THE PROBLEM ->
From the first line to the last, return the data exactly, with no pictures.

PROVIDED MATERIAL ->
<<<<

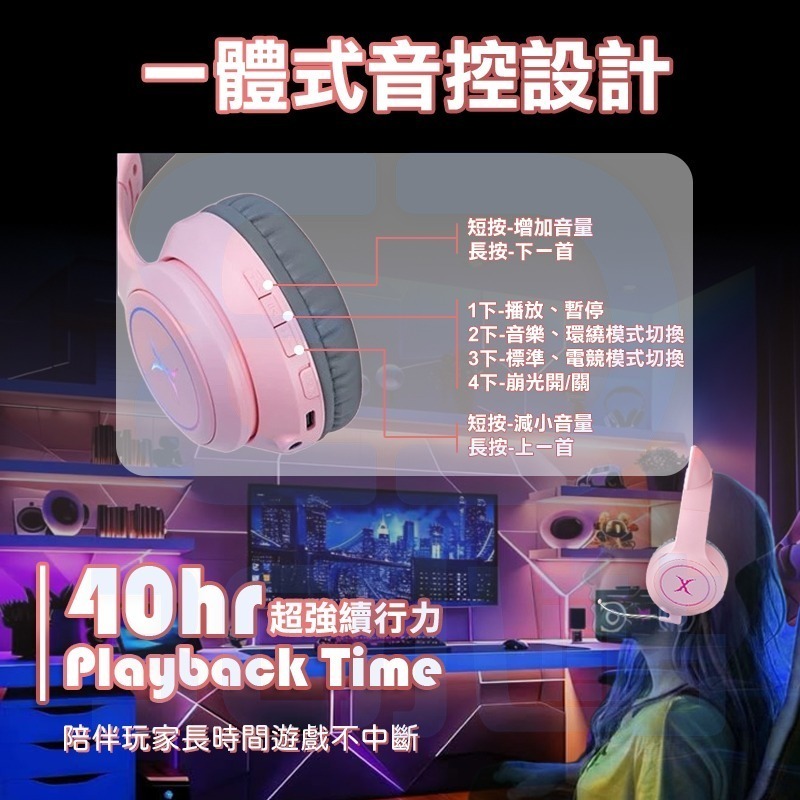 【3C小站】炫喵響狐 無線電競耳機 粉色電競耳機 萌萌貓耳 藍牙+有線 兩用 電競耳機 超低延遲 無線耳機 藍芽耳機-細節圖5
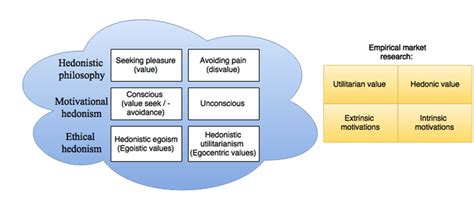 Hedonistic theories in hedonistic philosophy and their counterparts in... | Download Scientific ...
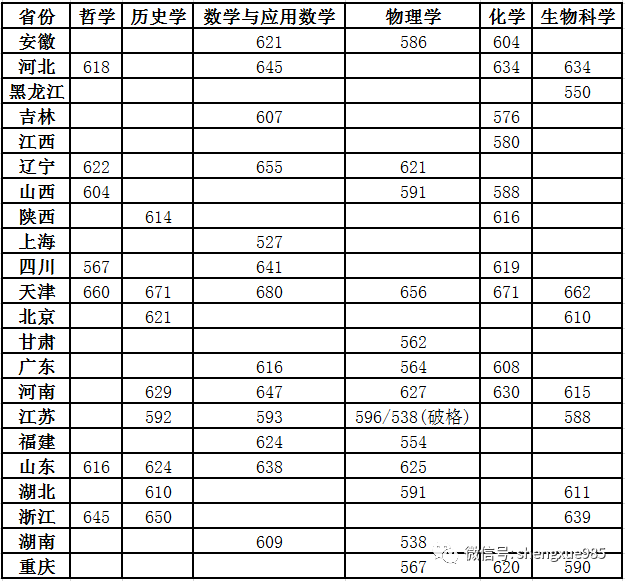 西安交通大學北京師範大學中南大學中國海洋大學未公佈分數線復旦大學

>>>>

OUTPUT FOR THIS TASK ->
 【3C小站】炫喵響狐 無線電競耳機 粉色電競耳機 萌萌貓耳 藍牙+有線 兩用 電競耳機 超低延遲 無線耳機 藍芽耳機-細節圖5
 Hedonistic theories in hedonistic philosophy and their counterparts in... | Download Scientific ...
 西安交通大學北京師範大學中南大學中國海洋大學未公佈分數線復旦大學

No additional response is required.